Disease rating across both nutrient treatments. Disease ratings 1–4 were grouped together (bars with diagonals). Letters indicate significant differences in disease rating among genotypes (i.e., “a” is significantly different from “b,” but is not significantly different from “ac”). wt, wild type.

The cpr mutants were initially identified by their expression of resistance in experiments conducted under lower light levels and using a different soil mix than used in this study. Therefore, it was possible that the expression of resistance would be seen only under the original environmental conditions. The lowered disease rating found here for cpr mutants (Table 2; Figure 1) demonstrates that their resistance is expressed in more than one environment.

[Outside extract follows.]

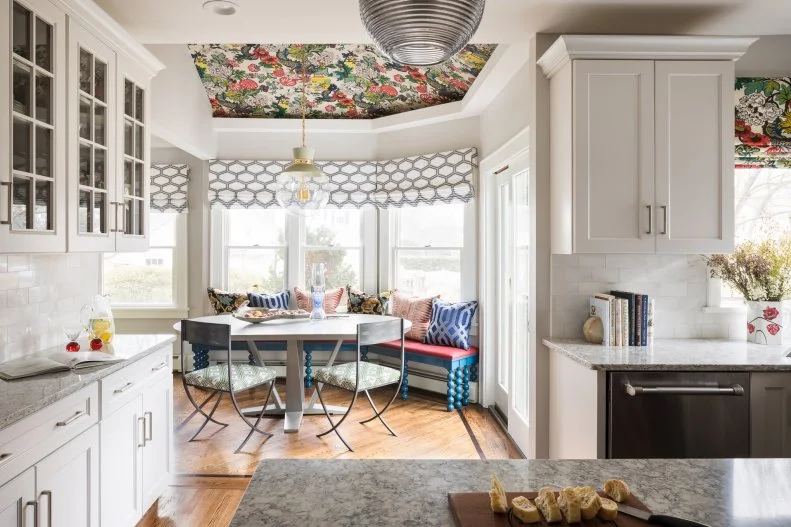Breakfast Nook With Vaulted Ceiling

Seed yield of wild-type and SAR mutants:

Genotype, flat, nutrient treatment, infection treatment, and genotype × nutrient all had significant effects on seed yield, but the genotype × infection interaction was not significant (Table 3). The infection treatment lowered fitness as expected (Figure 2).

TABLE 3.

Effect of genotype, nutrient, and infection on fitness: effect tests

Source d.f. SS F-value
Genotype 4 2963 35.1***
Nutrient 1 648 30.3***
Infection 1 104 4.9*
Flat (nutrient, infection) 15 2979 9.4***
Genotype × nutrient 4 885 10.5***

ANOVA of effects on fitness with genotype, nutrient, and infection as fixed effects and “flat” as a random effect. Seed-yield data were cube root transformed to conform to assumptions of ANOVA. SS, sum of squares. *Significant F-values at P < 0.05; ***significance at P < 0.001.

Figure 2.—

Figure 2.—

Fitness of genotypes. Mean seed yield values are shown with ±SE. Letters indicate significantly different values within the infected treatment. (A) Seed yield under high-nutrient treatment. (B) Seed yield under low-nutrient treatment.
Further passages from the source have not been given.